The CBOE Stock Exchange has acquired the National Stock Exchange, consolidating two of the US’s remaining independent stock markets.

Though the number of exchanges in the US has been on a steady decline over the last 20 years, as regional exchanges shuttered or converted to electronic markets, only to be bought by larger competitors like NYSE Euronext or Nasdaq OMX, the advent of the national market system has given a role to small exchanges.

As volumes have fallen over the past three years, stock exchanges now often compete on the basis of pricing schemes to attract new types of trades, such as high-frequency strategies that make money by taking advantage of rebates offered by exchanges to place or execute against orders on their market.

Exchanges globally have been in a rush to merge to gain scale and competitive advantage, though many of those mergers – such as the Nasdaq’s bid for NYSE – have been blocked by regulators and antitrust authorities.

The CBSX, which is co-owned by the Chicago Board Options Exchange and a group of nine-market making firms, including Cowen and Interactive Brokers, was founded five years ago to cater to floor options traders who wanted to also trade stocks.

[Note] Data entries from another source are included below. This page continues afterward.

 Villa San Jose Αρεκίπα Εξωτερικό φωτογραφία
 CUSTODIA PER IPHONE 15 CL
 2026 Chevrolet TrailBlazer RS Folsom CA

But the exchange has since moved from Chicago to the Equinix servers in New Jersey.

It now caters to brokers and trading firms that take advantage of high rebate fees or use its relatively shallow order book to quickly rise to the top of the trading queue, said David Harris, chief executive. CBSX earlier this week announced a new pricing scheme, raising the rebate it paid to traders who executed against orders.

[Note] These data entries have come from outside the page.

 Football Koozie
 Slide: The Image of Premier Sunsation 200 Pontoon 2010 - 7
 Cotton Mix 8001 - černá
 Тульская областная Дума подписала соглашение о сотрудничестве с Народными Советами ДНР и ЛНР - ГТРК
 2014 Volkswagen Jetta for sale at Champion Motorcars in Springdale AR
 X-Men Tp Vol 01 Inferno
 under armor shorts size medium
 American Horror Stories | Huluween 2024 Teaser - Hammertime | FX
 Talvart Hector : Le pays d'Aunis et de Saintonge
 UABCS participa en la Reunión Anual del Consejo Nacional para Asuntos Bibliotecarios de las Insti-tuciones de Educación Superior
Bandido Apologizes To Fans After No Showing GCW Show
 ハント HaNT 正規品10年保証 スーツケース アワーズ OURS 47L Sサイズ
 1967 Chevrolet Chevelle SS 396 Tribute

The NSX was formerly the regional Cincinnati Stock Exchange, which was founded in 1885. It became an all-electronic exchange in 1980 and moved to Chicago and changed its name in 2003.

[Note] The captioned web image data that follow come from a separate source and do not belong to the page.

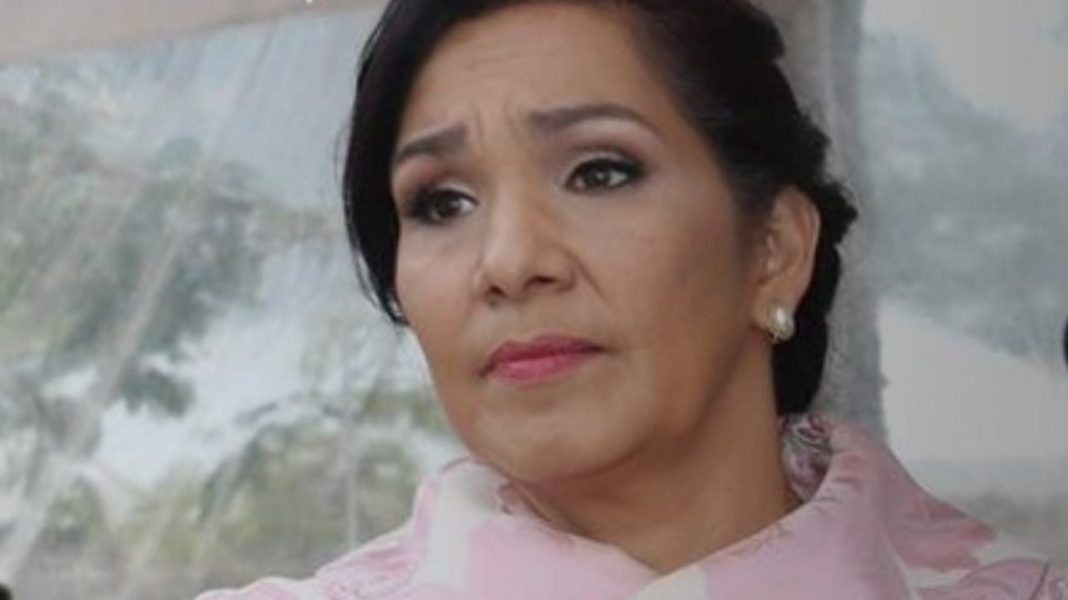 esposa de Leonel Sauceda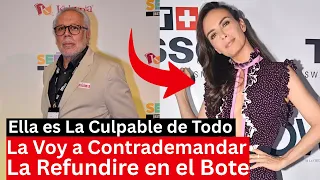 La Triste Historia de Luis de Llano | De Productor a Presidiario | Sasha Sokol Lo Refundio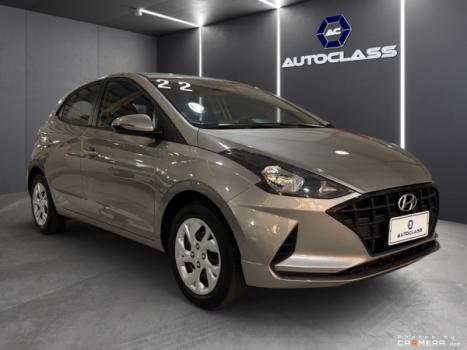 HYUNDAI HB 20 Hatch 1.0 12V 4P FLEX VISION, Foto 4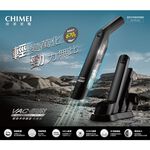 CHIMEI 奇美 輕勁手持槍型 無線吸塵器 VC-HT1LSL, , large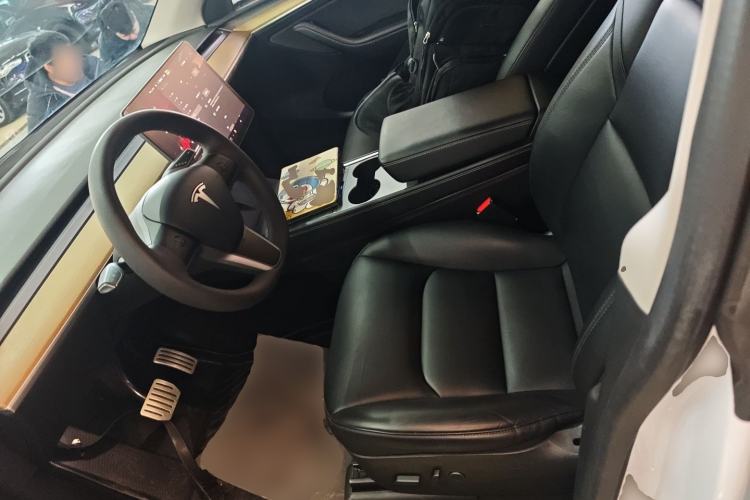 Used Tesla Model Y 2022 Performance High-Performance All-Wheel-Drive Version
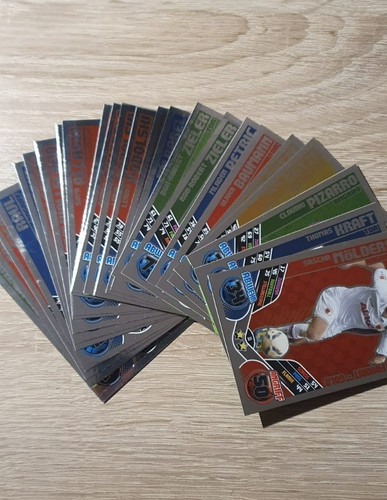 Topps match attax extra 12 - attax,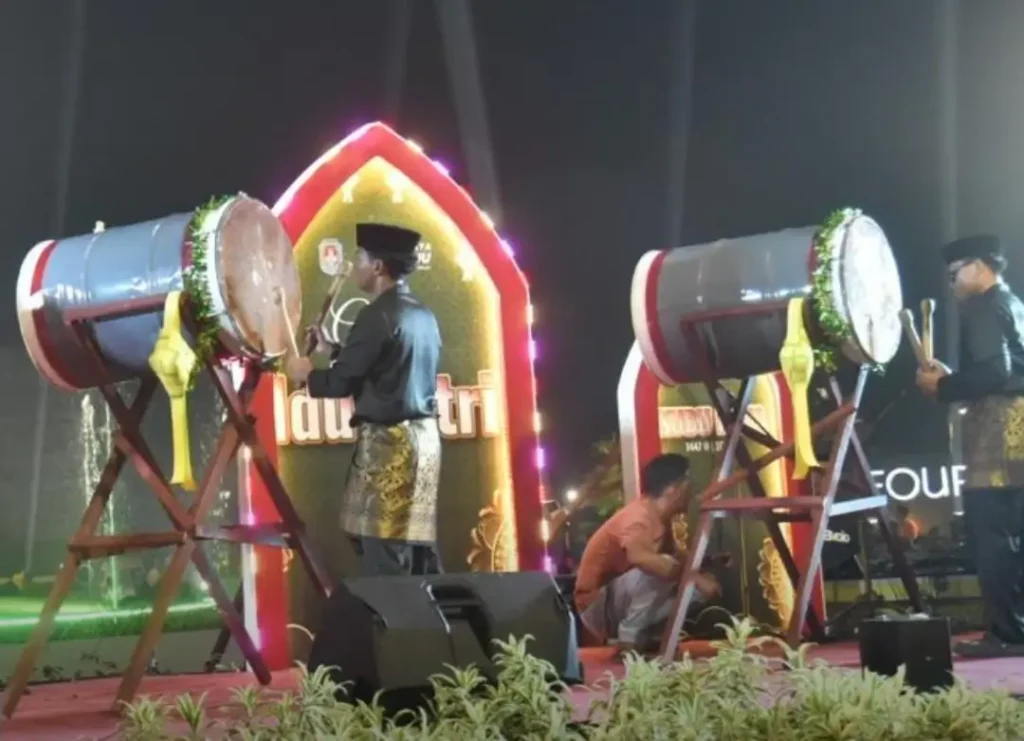 Rencana Festival Beduk untuk melestarikan budaya religi di Bundaran Gaforaya.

Its primary business is printing and displaying trades executed by broker-owned platforms, such as Citigroup’s Lavaflow and Credit Suisse’s Light Pool, that are not regulated exchanges, so that they can meet requirements to trade at the national best bid and offer.

Mr Harris said the merger gives the CBSX its own exchange license – previously it traded under the CBOE’s license – and two markets that use different pricing, a strategy that has aided the development of new independent exchanges, such as Direct Edge and BATS Global Markets. Nasdaq also cited a similar strategy when it presented its proposed merger with NYSE.

The move allows CBSX to operate independently of CBOE, adding to its value, Mr Harris said. It also gives the CBSX access to NSX’s broker-dealer, which will allow it to route trades to any market.

“We are in a real transition. It’s like we’re starting over,” he said. “We want to be focused on serving customers rather than generating volume. We would be responsive to anybody who has a market structure problem to solve.”

Together, the two markets will execute less than 1 per cent of total US market volume, though Mr Harris said the CBSX was profitable last year and can continue to do so with little volume.

The terms of the transaction between the two private companies were not disclosed.

Though the CBSX operates in the same data centre as CBOE’s electronic options exchange, C2, the two exchanges do not operate together. A spokesperson for CBOE said the merger would not affect its own business.

The only remaining independent regional exchange is now the Chicago Stock Exchange. Over the past two years Nasdaq OMX acquired the other remaining regionals, the Philadelphia Stock Exchange and the Boston Stock Exchange.

Other regional exchanges have long since become part of global groups, such as the Pacific Exchange, a roll-up of the San Francisco and Los Angeles exchanges. It merged with electronic platform Archipelago in 2005, then with the New York Stock Exchange.